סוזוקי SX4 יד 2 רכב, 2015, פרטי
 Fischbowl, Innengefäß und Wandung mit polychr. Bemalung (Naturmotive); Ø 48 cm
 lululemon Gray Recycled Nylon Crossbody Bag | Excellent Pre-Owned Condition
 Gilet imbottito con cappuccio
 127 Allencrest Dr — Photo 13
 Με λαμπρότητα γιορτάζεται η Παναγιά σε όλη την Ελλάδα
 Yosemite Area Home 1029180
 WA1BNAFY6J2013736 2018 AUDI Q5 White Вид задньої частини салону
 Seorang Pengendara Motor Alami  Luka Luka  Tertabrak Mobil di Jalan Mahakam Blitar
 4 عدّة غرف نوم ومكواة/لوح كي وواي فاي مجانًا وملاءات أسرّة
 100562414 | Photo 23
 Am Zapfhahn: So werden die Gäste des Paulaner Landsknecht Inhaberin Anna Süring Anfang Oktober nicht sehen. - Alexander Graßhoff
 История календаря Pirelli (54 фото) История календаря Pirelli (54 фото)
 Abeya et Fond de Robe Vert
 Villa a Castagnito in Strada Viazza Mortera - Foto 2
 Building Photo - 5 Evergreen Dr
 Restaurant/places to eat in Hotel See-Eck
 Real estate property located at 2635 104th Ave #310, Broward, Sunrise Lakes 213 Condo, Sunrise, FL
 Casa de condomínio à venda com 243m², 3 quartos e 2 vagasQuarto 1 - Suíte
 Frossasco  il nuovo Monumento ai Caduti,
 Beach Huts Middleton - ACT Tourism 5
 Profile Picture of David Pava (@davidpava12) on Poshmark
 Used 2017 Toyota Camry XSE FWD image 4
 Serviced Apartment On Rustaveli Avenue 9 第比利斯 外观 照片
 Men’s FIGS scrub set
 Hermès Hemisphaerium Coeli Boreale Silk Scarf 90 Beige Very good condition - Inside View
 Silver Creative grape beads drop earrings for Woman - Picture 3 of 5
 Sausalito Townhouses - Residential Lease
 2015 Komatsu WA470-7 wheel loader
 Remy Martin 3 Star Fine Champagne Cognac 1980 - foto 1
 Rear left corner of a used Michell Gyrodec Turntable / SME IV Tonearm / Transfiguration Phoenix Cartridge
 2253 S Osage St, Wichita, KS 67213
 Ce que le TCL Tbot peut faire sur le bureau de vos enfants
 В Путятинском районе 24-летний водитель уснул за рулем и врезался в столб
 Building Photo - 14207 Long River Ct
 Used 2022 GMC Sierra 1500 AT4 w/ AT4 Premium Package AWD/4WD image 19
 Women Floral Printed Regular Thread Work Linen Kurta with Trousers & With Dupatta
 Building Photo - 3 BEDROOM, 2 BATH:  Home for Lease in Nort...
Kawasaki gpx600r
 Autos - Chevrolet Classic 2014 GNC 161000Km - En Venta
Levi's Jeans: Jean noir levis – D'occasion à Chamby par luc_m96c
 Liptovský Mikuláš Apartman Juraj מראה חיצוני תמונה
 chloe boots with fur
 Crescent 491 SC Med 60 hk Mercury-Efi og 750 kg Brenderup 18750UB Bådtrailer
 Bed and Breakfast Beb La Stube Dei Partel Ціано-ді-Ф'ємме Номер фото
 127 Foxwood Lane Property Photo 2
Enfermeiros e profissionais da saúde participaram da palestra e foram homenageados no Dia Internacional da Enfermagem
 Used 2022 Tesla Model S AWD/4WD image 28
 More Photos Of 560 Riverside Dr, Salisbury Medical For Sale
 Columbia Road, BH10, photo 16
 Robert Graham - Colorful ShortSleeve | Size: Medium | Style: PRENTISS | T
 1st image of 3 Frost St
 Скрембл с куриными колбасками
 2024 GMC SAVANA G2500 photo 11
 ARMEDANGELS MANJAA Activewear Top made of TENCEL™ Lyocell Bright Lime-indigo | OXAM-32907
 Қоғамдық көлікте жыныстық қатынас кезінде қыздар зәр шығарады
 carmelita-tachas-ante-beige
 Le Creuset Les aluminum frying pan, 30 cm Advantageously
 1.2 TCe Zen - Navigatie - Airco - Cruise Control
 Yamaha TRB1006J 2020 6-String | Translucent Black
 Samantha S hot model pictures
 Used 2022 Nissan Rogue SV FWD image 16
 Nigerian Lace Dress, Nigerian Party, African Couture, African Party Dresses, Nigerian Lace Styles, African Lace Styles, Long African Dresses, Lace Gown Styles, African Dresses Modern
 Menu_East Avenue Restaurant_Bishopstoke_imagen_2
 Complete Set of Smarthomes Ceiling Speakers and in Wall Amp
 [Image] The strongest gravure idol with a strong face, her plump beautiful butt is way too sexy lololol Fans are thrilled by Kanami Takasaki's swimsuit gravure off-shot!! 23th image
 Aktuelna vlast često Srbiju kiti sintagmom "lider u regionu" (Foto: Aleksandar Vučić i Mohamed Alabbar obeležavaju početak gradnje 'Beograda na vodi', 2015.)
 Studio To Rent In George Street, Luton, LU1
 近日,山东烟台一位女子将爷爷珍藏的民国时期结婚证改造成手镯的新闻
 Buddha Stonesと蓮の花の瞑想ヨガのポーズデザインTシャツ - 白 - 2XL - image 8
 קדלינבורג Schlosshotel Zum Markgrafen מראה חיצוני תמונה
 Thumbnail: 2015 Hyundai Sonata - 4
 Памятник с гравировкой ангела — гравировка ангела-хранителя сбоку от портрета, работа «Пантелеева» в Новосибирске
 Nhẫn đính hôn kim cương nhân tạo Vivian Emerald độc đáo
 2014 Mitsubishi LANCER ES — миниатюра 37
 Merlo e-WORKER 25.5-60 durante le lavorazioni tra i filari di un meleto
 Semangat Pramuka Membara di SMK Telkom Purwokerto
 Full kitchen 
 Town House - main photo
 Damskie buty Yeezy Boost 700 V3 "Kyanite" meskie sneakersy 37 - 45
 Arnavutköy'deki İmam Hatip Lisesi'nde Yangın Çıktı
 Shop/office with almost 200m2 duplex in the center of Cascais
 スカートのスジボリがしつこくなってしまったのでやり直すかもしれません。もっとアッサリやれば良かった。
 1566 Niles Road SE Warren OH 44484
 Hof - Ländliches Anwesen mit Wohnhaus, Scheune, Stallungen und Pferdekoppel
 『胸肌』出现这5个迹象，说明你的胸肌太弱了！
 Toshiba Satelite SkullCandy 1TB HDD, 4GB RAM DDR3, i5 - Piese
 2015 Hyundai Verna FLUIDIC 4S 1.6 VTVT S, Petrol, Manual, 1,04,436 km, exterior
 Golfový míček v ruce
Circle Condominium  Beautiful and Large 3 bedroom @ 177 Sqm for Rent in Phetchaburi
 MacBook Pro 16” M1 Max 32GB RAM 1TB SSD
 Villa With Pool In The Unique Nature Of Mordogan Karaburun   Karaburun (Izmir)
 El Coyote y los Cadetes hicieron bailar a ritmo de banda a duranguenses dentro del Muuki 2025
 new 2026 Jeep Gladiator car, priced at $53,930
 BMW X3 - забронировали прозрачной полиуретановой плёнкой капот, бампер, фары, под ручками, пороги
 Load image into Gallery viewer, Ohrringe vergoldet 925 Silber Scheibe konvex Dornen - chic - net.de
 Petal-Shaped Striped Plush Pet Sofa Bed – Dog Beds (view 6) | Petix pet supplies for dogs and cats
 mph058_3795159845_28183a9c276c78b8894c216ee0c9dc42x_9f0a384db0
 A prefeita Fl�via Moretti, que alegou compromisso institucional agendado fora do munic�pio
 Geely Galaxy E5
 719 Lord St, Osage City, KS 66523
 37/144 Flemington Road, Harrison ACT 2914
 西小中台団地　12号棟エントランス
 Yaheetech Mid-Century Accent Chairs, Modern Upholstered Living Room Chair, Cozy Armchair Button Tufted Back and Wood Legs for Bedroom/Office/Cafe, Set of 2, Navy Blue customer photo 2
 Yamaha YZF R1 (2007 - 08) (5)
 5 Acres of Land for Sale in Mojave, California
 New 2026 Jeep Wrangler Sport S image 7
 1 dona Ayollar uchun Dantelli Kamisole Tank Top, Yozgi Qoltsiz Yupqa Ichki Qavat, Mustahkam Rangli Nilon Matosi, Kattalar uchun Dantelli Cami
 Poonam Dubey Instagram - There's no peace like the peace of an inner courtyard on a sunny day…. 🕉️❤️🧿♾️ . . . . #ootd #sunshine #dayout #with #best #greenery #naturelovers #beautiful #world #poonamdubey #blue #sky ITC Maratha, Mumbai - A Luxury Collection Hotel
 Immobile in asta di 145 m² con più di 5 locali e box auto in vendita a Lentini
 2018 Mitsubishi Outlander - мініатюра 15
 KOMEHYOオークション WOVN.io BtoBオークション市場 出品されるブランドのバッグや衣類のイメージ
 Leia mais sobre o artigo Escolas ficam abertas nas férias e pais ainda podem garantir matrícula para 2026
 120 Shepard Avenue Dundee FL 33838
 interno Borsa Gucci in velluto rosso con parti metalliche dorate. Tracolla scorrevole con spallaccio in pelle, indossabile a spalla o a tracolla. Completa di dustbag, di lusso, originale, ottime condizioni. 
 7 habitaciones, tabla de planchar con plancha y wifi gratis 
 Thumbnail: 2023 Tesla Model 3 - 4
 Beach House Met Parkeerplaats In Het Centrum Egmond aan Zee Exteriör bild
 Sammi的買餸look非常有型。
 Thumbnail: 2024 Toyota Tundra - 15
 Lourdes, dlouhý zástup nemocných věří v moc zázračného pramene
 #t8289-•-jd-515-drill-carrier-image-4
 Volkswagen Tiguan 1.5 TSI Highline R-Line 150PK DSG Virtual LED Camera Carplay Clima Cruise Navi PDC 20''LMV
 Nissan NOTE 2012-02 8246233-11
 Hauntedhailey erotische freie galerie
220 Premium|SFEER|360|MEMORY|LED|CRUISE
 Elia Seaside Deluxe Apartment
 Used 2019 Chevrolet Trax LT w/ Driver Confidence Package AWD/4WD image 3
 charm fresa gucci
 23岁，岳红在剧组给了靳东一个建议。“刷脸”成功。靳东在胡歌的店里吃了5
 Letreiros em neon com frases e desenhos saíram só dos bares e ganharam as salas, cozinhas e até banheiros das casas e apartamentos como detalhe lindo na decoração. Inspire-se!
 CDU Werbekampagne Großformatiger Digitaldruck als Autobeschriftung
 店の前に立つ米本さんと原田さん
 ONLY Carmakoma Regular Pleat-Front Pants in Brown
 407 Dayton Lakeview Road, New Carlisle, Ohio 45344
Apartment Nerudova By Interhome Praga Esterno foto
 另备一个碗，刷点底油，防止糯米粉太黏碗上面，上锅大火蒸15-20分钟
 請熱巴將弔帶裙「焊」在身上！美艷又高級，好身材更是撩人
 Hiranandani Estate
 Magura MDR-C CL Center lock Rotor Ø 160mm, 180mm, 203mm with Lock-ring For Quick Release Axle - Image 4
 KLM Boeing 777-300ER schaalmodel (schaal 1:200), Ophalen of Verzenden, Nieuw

▶ [AIM OF THE TASK] Every line of the listing that holds "Building" counts once. Say how many such lines there are, using only a number.

▶ [RESPONSE BOX] 3